Over half of Americans wear corrective glasses or contact lenses. While there isn’t a shortage of low-cost and luxury frames available online or in stores, consumers can only buy them with a current eyeglass prescription.

That means that they first need an eye exam from an optometrist to receive that prescription. But, due to a nationwide shortage of eye care practitioners, it may take weeks, especially in rural areas, to get an appointment. 

Eyebot, a new startup coming out of stealth on Thursday, wants to reduce the time it takes to receive an eye exam to about 90 seconds without the direct involvement of an optometrist. Starting in October, the Boston-based company will roll out its self-serv, vision-testing terminals in shopping centers, grocery stores and pharmacies in New England.

Anyone who wants to have their vision checked can walk up to Eyebot’s 5-ish-foot kiosk, press a button, and the company’s computer vision technology will automatically scan the person’s eyes, extracting eyeglass or contact lens prescription. (While Eyebot can’t perform initial fittings of contact lenses, it can update an existing prescription.) 

Eyebot’s founder and CEO Matthias Hofmann said he developed similar technology ten years ago at EyeNetra, a startup that used smartphones to test eyesight. (EyeNetra went out of business several years ago, according to Hoffman, who worked there as the leading engineer until 2015.)
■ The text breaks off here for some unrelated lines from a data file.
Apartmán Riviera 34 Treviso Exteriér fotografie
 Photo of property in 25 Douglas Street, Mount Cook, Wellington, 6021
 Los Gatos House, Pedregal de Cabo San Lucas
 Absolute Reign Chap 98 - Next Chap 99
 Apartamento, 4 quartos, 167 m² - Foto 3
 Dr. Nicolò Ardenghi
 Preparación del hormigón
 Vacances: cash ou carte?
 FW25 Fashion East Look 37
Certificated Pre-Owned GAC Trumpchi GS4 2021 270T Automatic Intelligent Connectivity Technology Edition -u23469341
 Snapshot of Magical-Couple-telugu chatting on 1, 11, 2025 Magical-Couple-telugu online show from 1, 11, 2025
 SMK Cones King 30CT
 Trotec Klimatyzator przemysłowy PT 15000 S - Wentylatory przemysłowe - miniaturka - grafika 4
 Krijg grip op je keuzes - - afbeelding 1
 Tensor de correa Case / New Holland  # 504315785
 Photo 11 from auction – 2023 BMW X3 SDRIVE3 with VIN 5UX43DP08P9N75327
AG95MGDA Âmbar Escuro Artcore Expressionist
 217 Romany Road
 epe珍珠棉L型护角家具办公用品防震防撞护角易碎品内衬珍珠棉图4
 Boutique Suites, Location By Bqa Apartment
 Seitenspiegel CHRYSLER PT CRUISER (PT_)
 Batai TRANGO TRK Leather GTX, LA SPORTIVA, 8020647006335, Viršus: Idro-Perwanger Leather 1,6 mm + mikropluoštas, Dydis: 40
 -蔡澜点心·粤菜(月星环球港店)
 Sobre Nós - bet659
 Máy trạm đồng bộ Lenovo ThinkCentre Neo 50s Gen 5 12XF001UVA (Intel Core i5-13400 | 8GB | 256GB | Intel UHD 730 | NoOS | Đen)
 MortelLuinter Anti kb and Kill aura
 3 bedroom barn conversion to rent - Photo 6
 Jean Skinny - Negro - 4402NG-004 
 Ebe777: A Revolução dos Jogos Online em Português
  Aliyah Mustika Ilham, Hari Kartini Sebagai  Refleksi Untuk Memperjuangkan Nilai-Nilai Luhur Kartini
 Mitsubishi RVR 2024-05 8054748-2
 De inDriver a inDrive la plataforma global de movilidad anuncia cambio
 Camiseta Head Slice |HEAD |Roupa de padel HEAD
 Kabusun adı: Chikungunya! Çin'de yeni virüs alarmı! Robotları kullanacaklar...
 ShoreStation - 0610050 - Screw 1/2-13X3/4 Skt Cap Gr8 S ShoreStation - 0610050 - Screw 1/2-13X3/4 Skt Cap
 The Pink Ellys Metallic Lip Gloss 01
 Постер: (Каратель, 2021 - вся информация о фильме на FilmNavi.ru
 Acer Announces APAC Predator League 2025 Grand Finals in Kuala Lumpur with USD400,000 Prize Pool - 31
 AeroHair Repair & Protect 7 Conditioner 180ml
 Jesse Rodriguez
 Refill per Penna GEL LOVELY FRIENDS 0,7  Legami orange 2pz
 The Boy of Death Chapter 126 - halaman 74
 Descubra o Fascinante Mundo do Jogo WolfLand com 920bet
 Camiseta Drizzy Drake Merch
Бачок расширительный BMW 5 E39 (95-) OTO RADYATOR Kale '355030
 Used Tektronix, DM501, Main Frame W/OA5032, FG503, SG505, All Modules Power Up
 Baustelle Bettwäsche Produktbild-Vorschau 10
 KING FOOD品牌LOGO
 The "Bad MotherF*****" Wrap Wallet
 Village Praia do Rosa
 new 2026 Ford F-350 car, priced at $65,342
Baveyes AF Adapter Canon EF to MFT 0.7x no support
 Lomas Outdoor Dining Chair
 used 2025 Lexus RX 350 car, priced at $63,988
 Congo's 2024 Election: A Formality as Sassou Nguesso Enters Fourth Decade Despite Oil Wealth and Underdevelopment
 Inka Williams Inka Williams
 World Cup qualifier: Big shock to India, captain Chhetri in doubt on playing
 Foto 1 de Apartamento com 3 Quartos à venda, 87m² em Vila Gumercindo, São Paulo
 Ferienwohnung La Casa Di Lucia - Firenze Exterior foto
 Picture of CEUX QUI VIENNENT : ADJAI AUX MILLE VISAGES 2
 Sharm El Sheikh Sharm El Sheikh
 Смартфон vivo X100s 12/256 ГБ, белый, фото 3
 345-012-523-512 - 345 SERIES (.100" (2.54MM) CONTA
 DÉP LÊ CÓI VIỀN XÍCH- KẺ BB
“We realized that using smartphones is not actually the solution,” said Hoffman, who, before joining EyeNetra, was a postdoctoral researcher in tomography at Harvard Medical School. “What people want is a fully automated experience where they don’t have to learn or do anything complicated. Our technology now allows people to simply stand in front of our units.”

Eyebot-generated prescriptions are finalized by teledoctors within 24 hours, and consumers who want to purchase glasses from any retailer must pay $30 for their exam. But if they purchase glasses from one of Eyebot’s partner brands, the eye exam is free.  (The technology is registered with the FDA, Hoffman said.) 

The company hopes that major eyeglass brands will rent Eyebot terminals and put them in the retail locations of their choice. Once a shopper finalizes their exam, they can choose to buy eyeglasses from that brand directly on a touchscreen within the kiosk or by using their smartphone.  Eyebot plans to make money by partnering with these eyewear brands and taking a commission on each sale.

“Retailers are looking for new channels to reach the customers,” Hoffman said. “Now they have an opportunity to show their brand in CVS, Walgreens, Stop and Shop, Kroger and on college campuses.”

Eyebot is close to finalizing partnership agreements with several large eyeglass and contact lens merchants, Hoffman said. “It’s a very lucrative model. The demand for what we’re doing is very high.”

Demand for investing in Eyebot’s seed round was high, too, according to Hoffman. On Thursday, the company announced a $6 million funding round led by AlleyCorpand Ubiquity Ventures with participation from Susa Ventures, Village Global, Baukunst, Ravelin, and Spacecadet.

The capital will be used for expansion to geographies.